Children of war-torn countries will carry an enormous responsibility as they grow up: to rebuild their nation. Every child must be provided safety, security and education while growing up, but today many million refugee and IDP children go without schooling. In their support of Iraqi children to build a brighter future, our partner Terre des hommes, a Swiss non governmental organisation for children’s aid, has implemented temporary learning spaces in the Kirkuk and Salah al-Din regions of Iraq, where more than 150,000 children receive education today.
“I had 220 students that I had to teach in four classrooms, it was crowded, and learning quality was dropping as a consequence”, said Mr. Rafid Majeed, Headmaster of the Al-Ayoubi School. “Today, the school has eight classrooms with 27 students per class, which allows us as teachers to deliver better education quality and enroll more students for the upcoming semester”.
In 2018, the humanitarian crisis in Iraq has remained one of the world’s largest. The violence perpetrated by the Islamic State (ISIS/ Daesh) group has forced hundreds of thousands of families to flee their homes. Many of them have been living in precarious conditions and are unable to provide for their children’s basic needs such as food, security and healthcare. While the restoration of Iraq is expected to take many years, nearly 4 million Iraqis have already returned to their homes where they face destruction and devastation. During this protracted conflict, hundreds of thousands of children have been exposed to displacement, violence and a lack of schooling – the latter due to their IDP status, distance to school facilities, destruction of infrastructure, or lack of id papers to prove the child’s identity and level of education.
8.7 million Iraqis are affected by the crisis
Around 5.9 million people have been displaced by the emergence of ISIS  and a total of 8.7 million people are affected by the crisis .
The destruction of infrastructure, after many years of combat operations against ISIS, is severe. The regions to which people are now returning are particularly affected by lack of psychosocial support, case management and sanitation services. These precarious situations can lead families to adopt negative coping mechanisms such as early marriage and child labour (as family income is prioritised), instead of going to school.

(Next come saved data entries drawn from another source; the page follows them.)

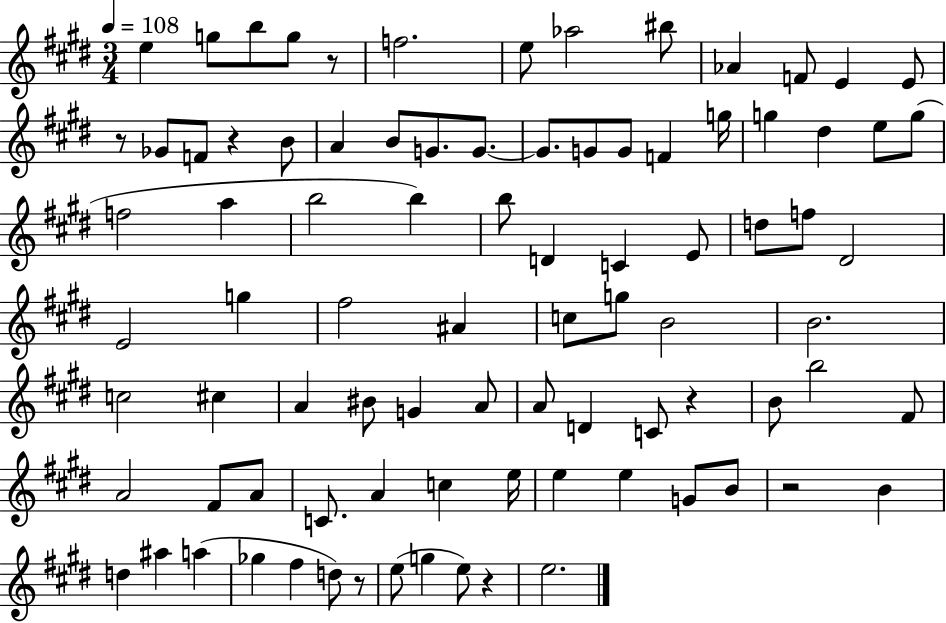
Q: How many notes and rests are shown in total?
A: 88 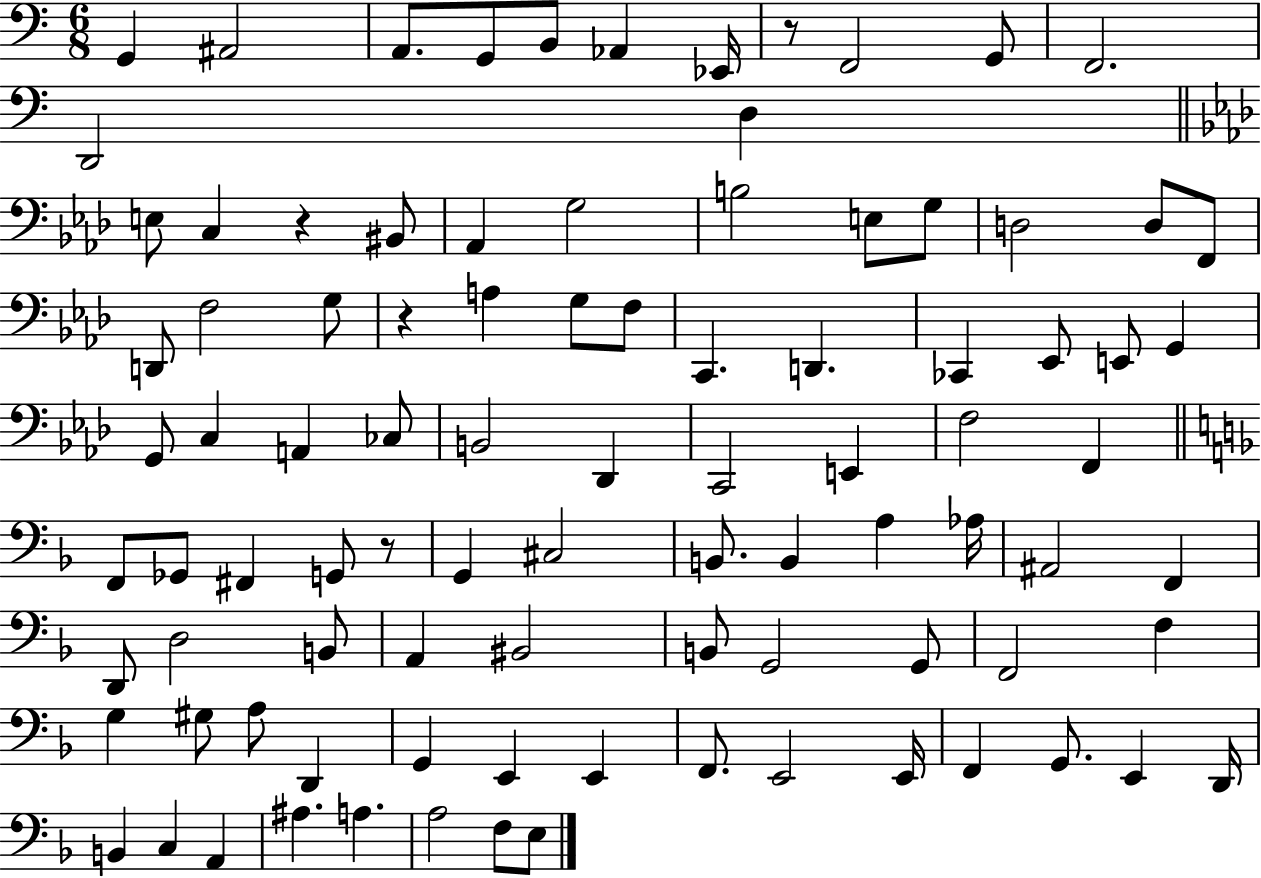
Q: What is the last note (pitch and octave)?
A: E3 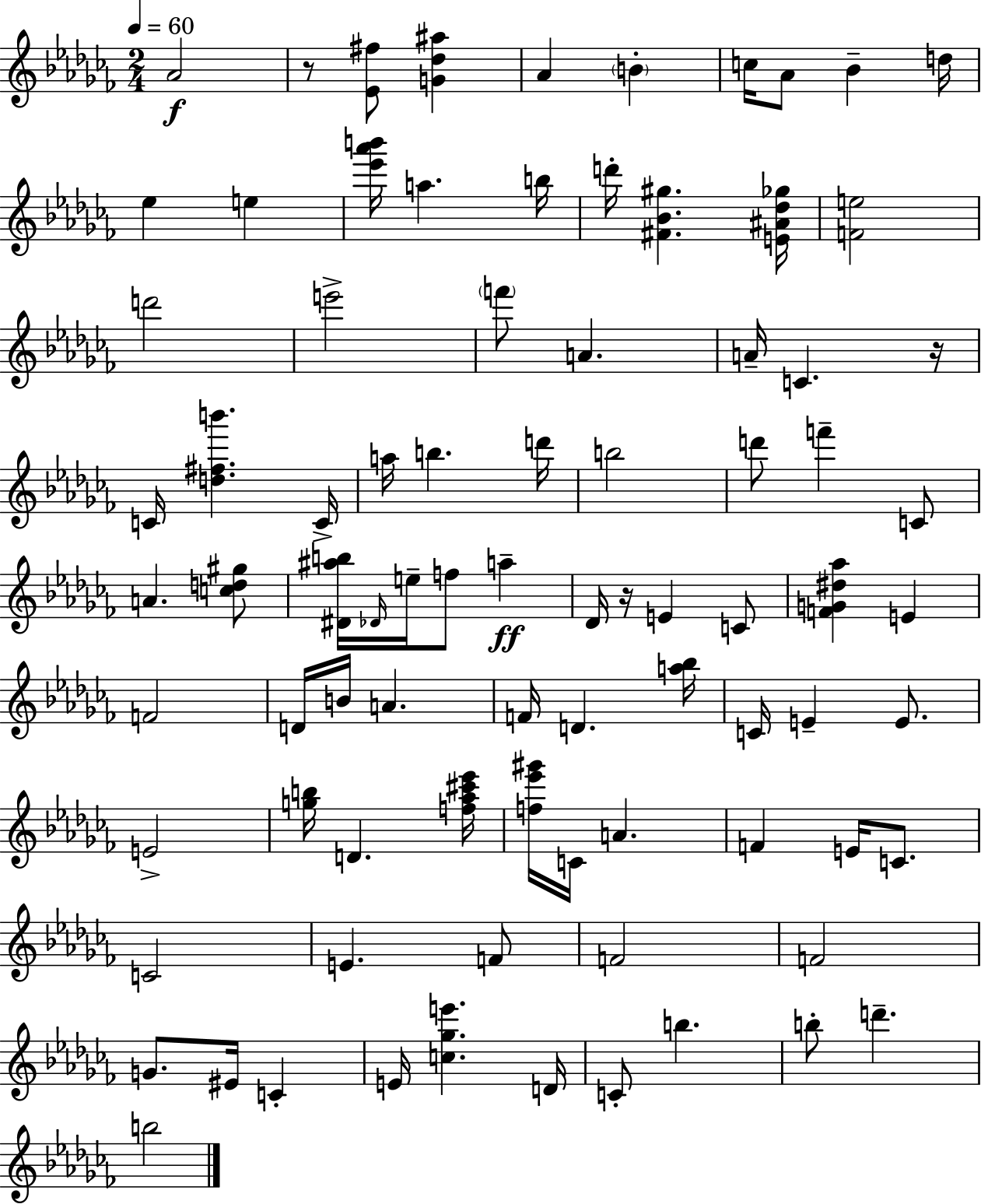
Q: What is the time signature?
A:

For the children who are able to attend school, access is still impeded: overcrowded classes and lack of material, which consequently affects children’s ability to concentrate and perform. Most of the children have lost years of education. The number of teachers is insufficient – with up to 100 students per teacher – which has resulted in children having to attend school in shifts. Moreover, teachers are not equipped to adequately support children who have been out of school for a very long time and, throughout this time, been exposed to trauma.
Temporary learning spaces in 330 schools
Terre des hommes decided in agreement with the Iraqi Ministry of Education, to implement temporary learning spaces in schools across the Salah al-Din (SAD) and Kirkuk governorates.
In order to target zones and schools with the largest needs, and to ensure mediation with the communities, the program was designed in collaboration with headmasters and teachers at school level, the District of Education at district and governorate levels as well as the Ministry of Education at a national level. In September, Terre des hommes carried out an assessment of 200 schools, and subsequently rolled out the distribution of more than a thousand Better Shelter units, which were set up during the months of September and October. The learning spaces were equipped with desks, chairs, a white board, fire extinguishers and electricity connections.
Today, 150,000 students receive primary education through the program, in 1,152 Better Shelter units which have been implemented in 330 schools, with an average of 450 students per school.
“Better Shelter has been a large and satisfying project, and the impact it had was truly motivating” said, Sara Faiek, a Better Shelter Supervisor. “The project made a real impact on education in rural remote areas. These are areas in which schools had fallen into a state of disrepair or were badly damaged during the war against ISIL, and as a result were overcrowded or children were unable to attend school. The installation of Better Shelter classrooms enabled a healthy learning environment for the students and increased the number of students being able to be enrolled at each school.”
The project was partly financed through generous donations by Borealis, UPS Foundation and private donors through the crowdsourcing platform www.respekt.net.